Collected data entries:
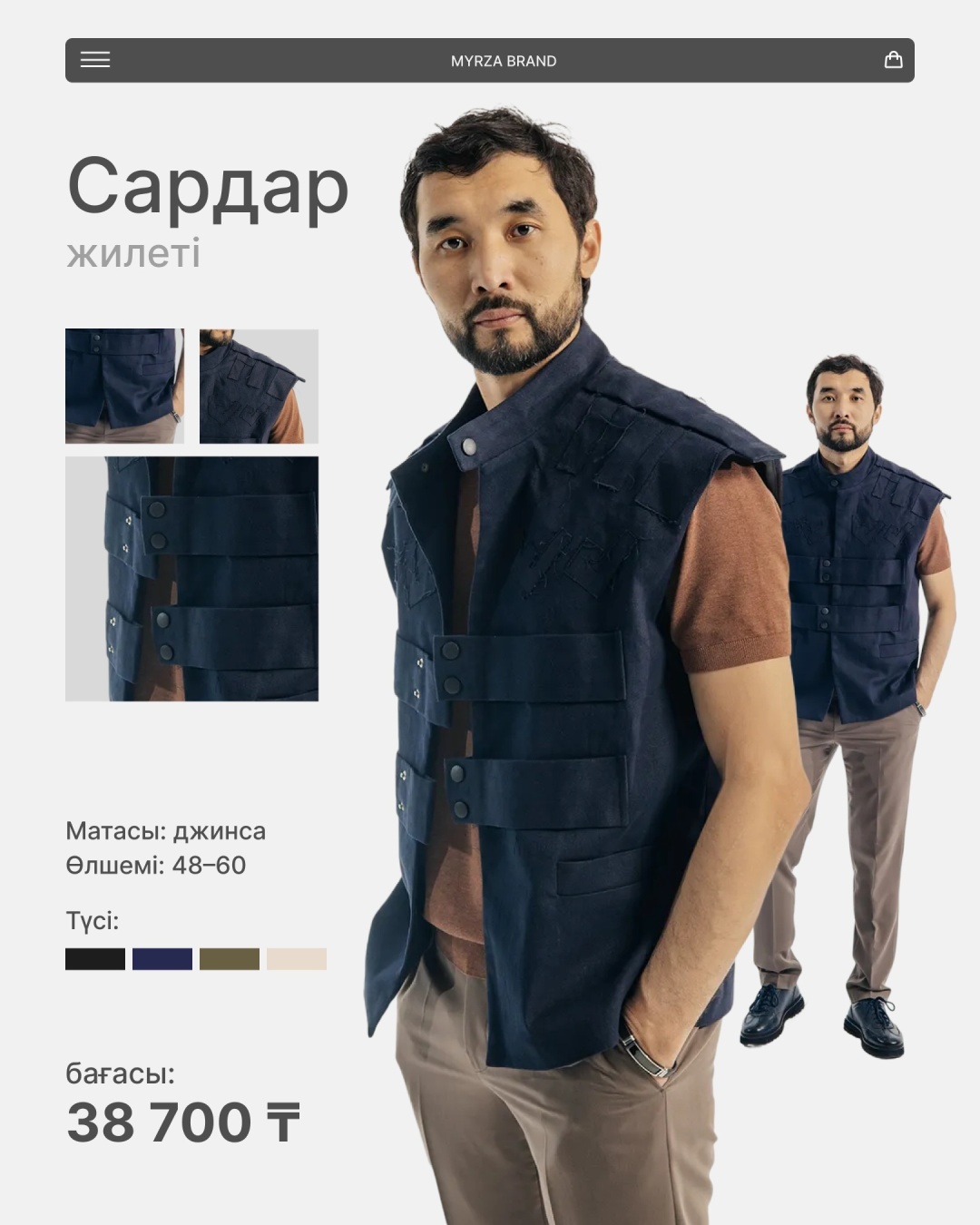 Национальный костюм Myrza Brand синий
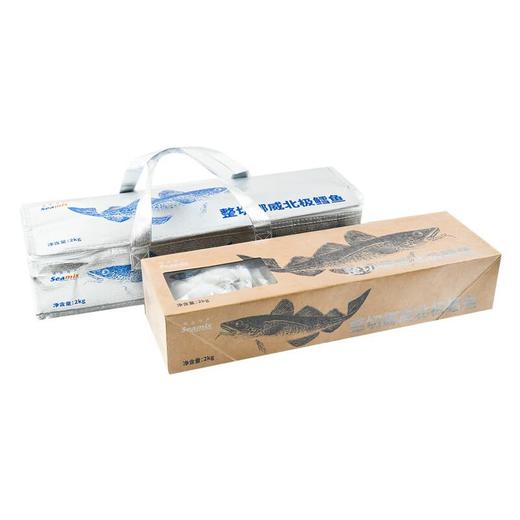整切挪威北极鳕鱼 2kg/盒 商品图0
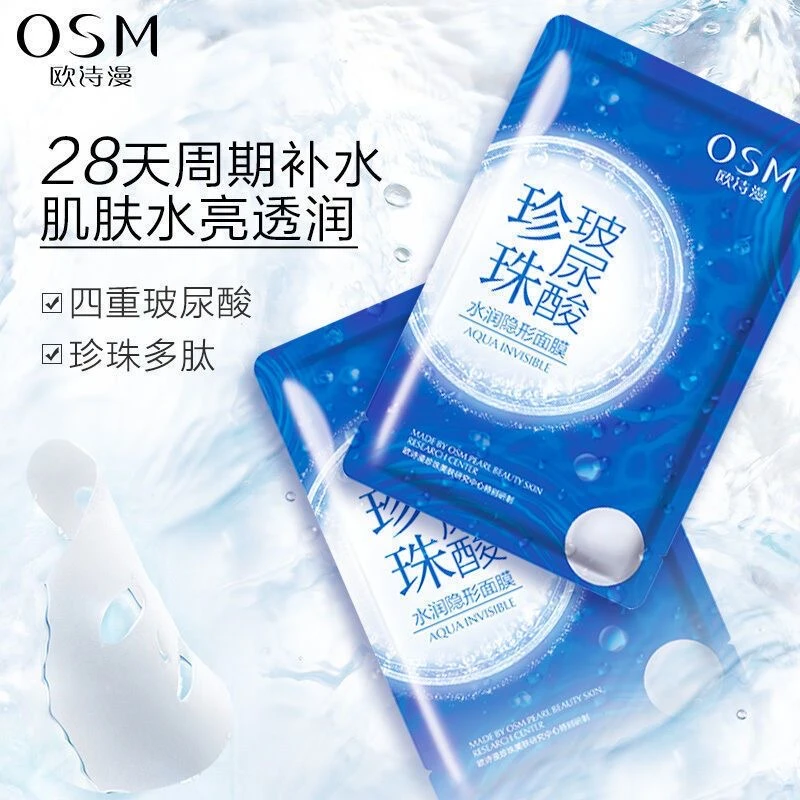【专柜正品】0SM/欧/诗/漫珍珠玻尿酸水润隐形面膜保湿水嫩滋润面膜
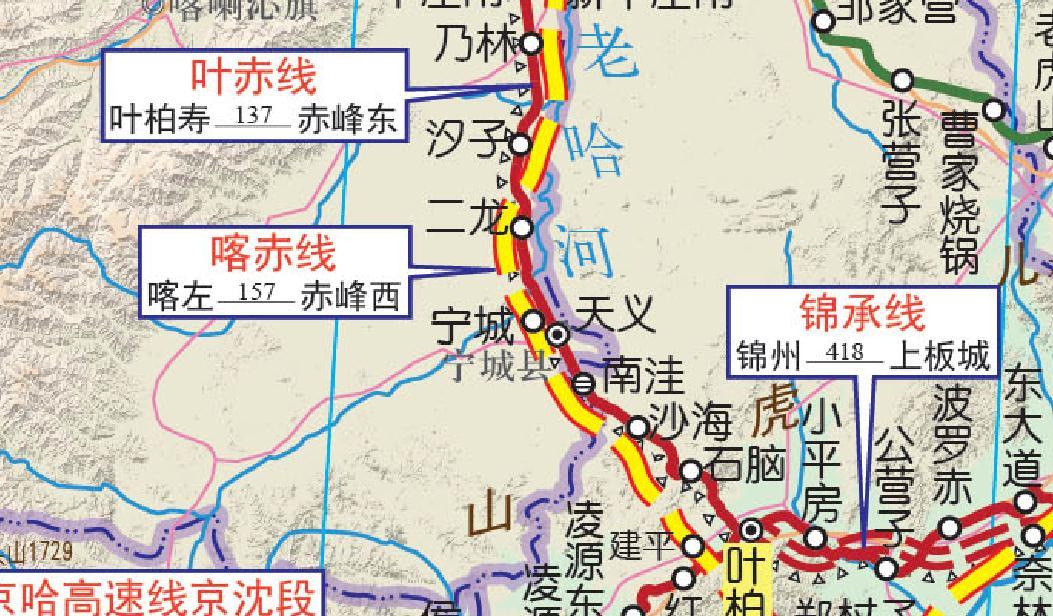 宁城站图册_360百科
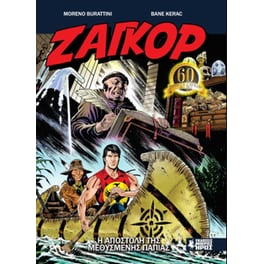 Ζαγκόρ 11 - Η αποστολή της μεθυσμένης πάπιας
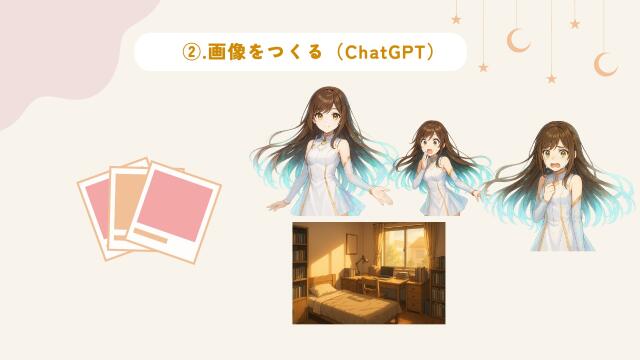 slide-thumbnail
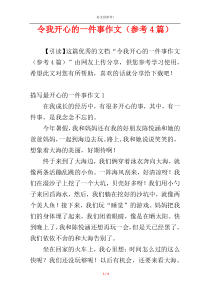 令我开心的一件事作文（参考4篇）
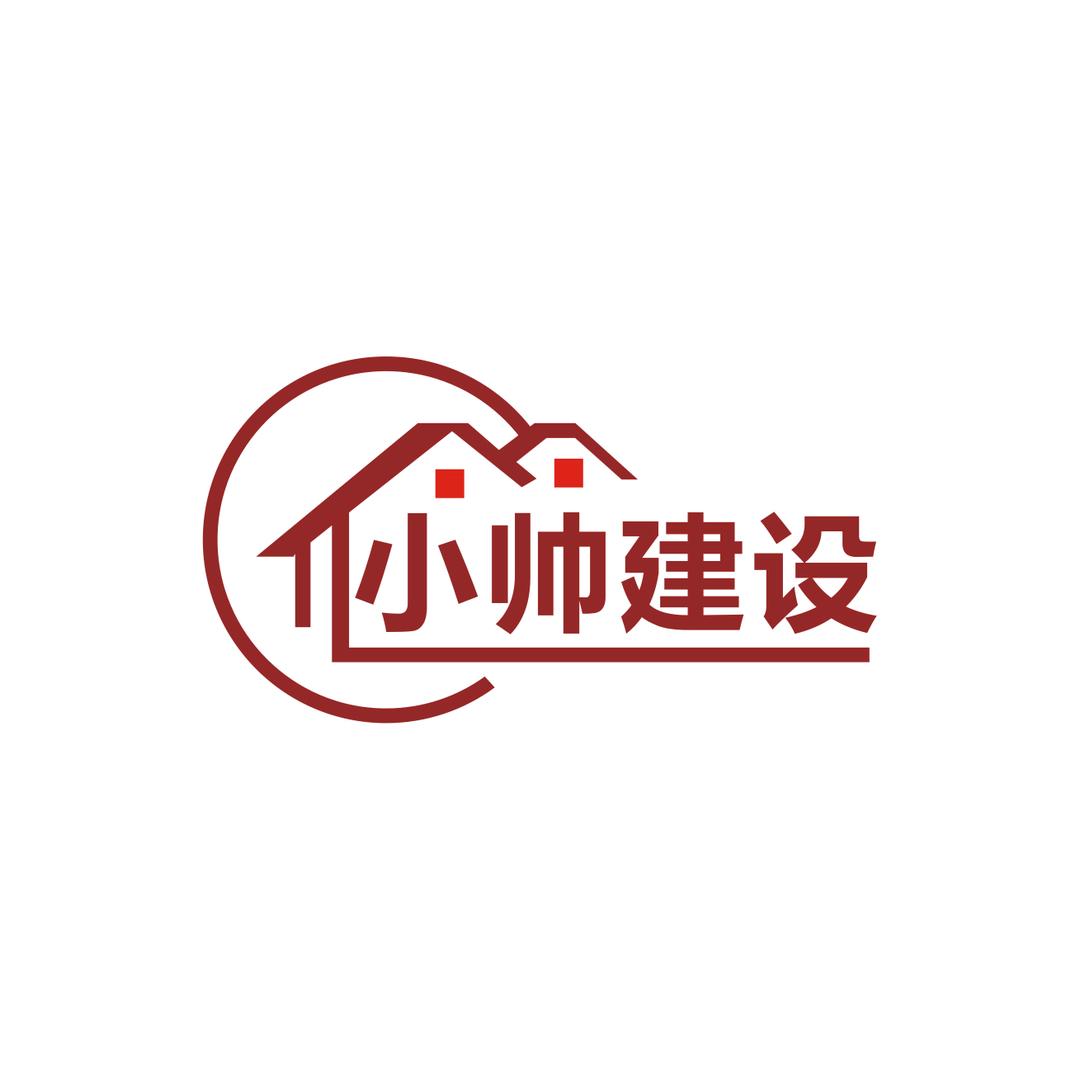 小帅大包建房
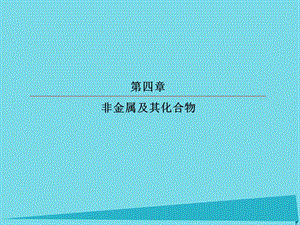 高考化學(xué)總復(fù)習(xí) 第四章 10 無機(jī)非金屬材料的主角 硅課件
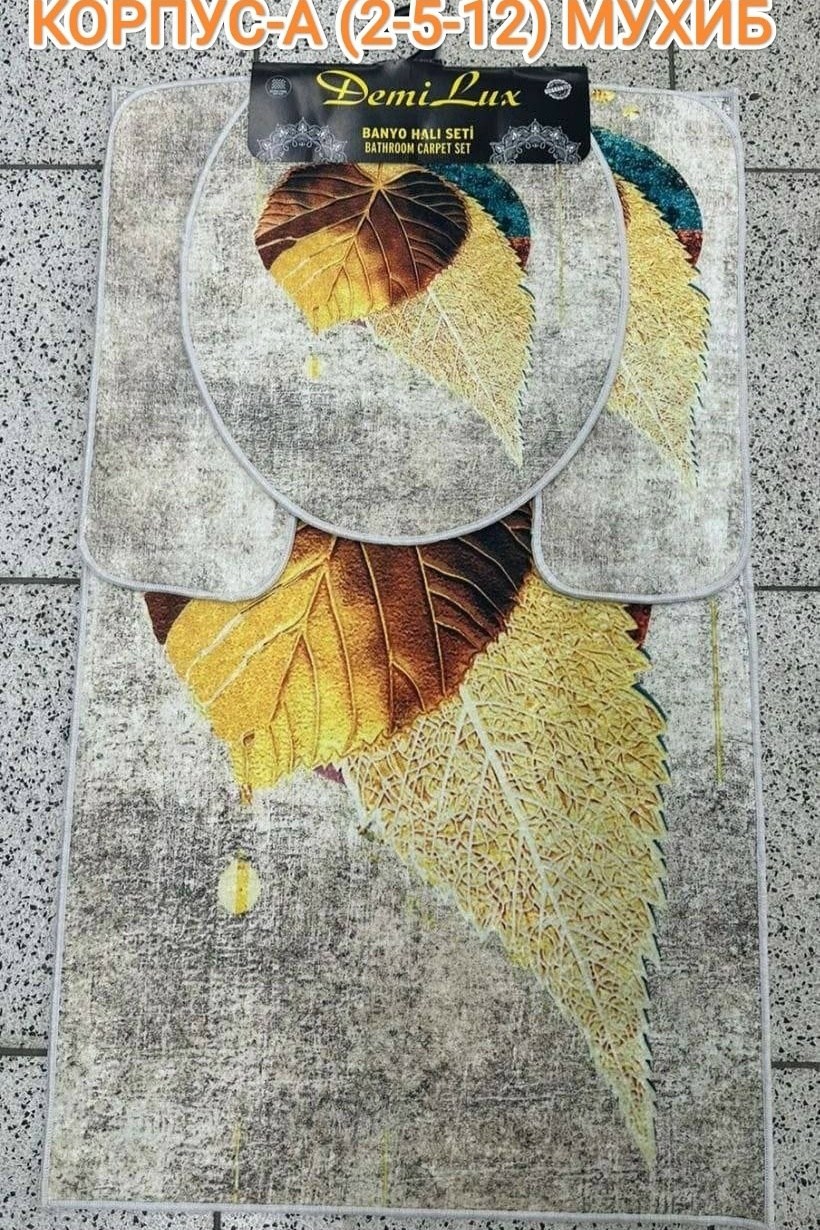 полотенце луи виттон,коврик,коврик луи виттон,коврик для ванной,коврик для туалет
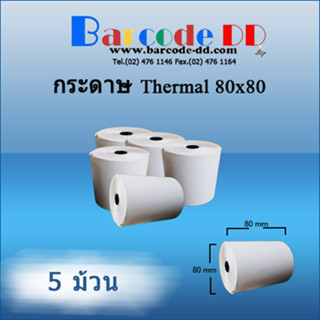 กระดาษม้วนความร้อน เทอร์มอล สลิป เครื่องพิมพ์ใบเสร็จ 1 ชั้น 8080 Thermal Paper กว้าง 8 cmใช้ได้กับ เครื่องพิมพ์ Epson St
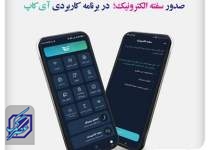 تکمیل فرایند پرداخت وام خرد غیرحضوری با عملیاتی شدن سفته الکترونیک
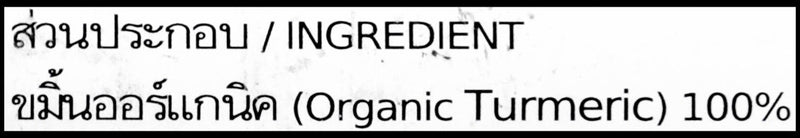 Lumlum Organic Turmeric Powder (30g) - Organics.ph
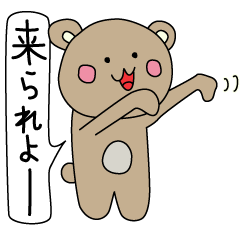 [LINEスタンプ] なまりくま 富山弁ver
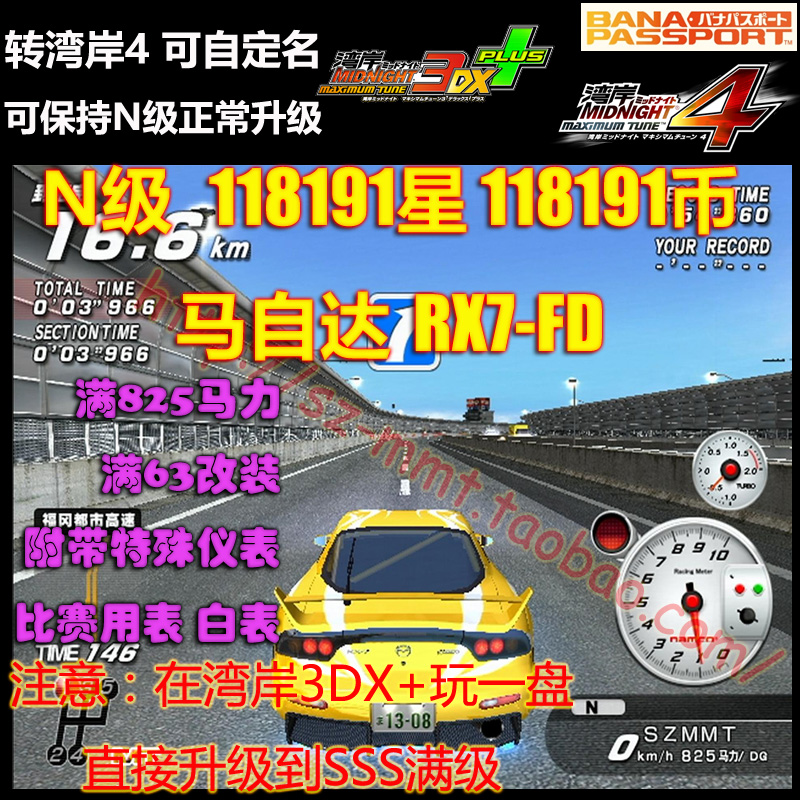湾岸3DX+ RX7FD N-SSS级11.8万星11.8万鬼币825马力63改白表特殊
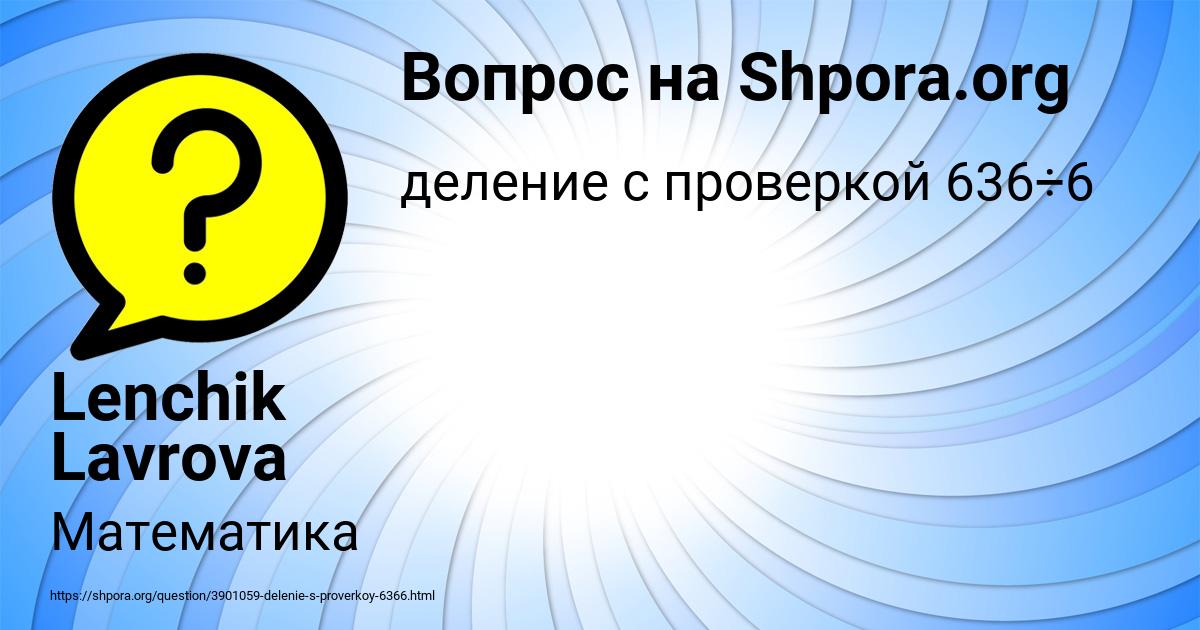 Картинка с текстом вопроса от пользователя Lenchik Lavrova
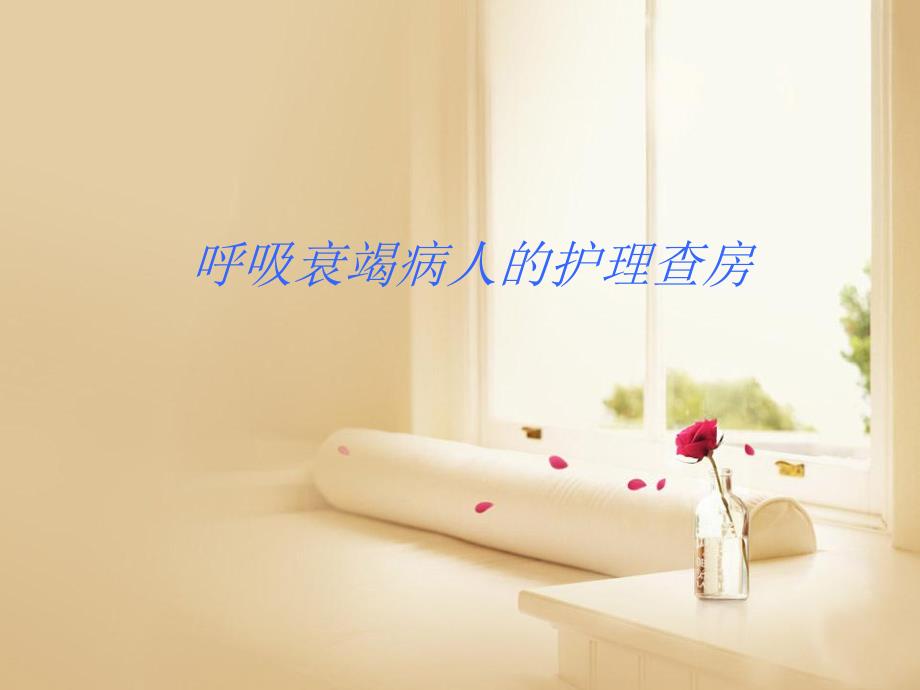 呼吸衰竭护理查房PPT幻灯片.ppt_第1页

The task:
The records must be copied with no word altered, and without their pictures.

Task answer:
 Национальный костюм Myrza Brand синий
整切挪威北极鳕鱼 2kg/盒 商品图0
【专柜正品】0SM/欧/诗/漫珍珠玻尿酸水润隐形面膜保湿水嫩滋润面膜
 宁城站图册_360百科
 Ζαγκόρ 11 - Η αποστολή της μεθυσμένης πάπιας
 slide-thumbnail
 令我开心的一件事作文（参考4篇）
 小帅大包建房
 高考化學(xué)總復(fù)習(xí) 第四章 10 無機(jī)非金屬材料的主角 硅課件
 полотенце луи виттон,коврик,коврик луи виттон,коврик для ванной,коврик для туалет
 กระดาษม้วนความร้อน เทอร์มอล สลิป เครื่องพิมพ์ใบเสร็จ 1 ชั้น 8080 Thermal Paper กว้าง 8 cmใช้ได้กับ เครื่องพิมพ์ Epson St
 تکمیل فرایند پرداخت وام خرد غیرحضوری با عملیاتی شدن سفته الکترونیک
 Lumlum Organic Turmeric Powder (30g) - Organics.ph
 [LINEスタンプ] なまりくま 富山弁ver
湾岸3DX+ RX7FD N-SSS级11.8万星11.8万鬼币825马力63改白表特殊
 Картинка с текстом вопроса от пользователя Lenchik Lavrova
 呼吸衰竭护理查房PPT幻灯片.ppt_第1页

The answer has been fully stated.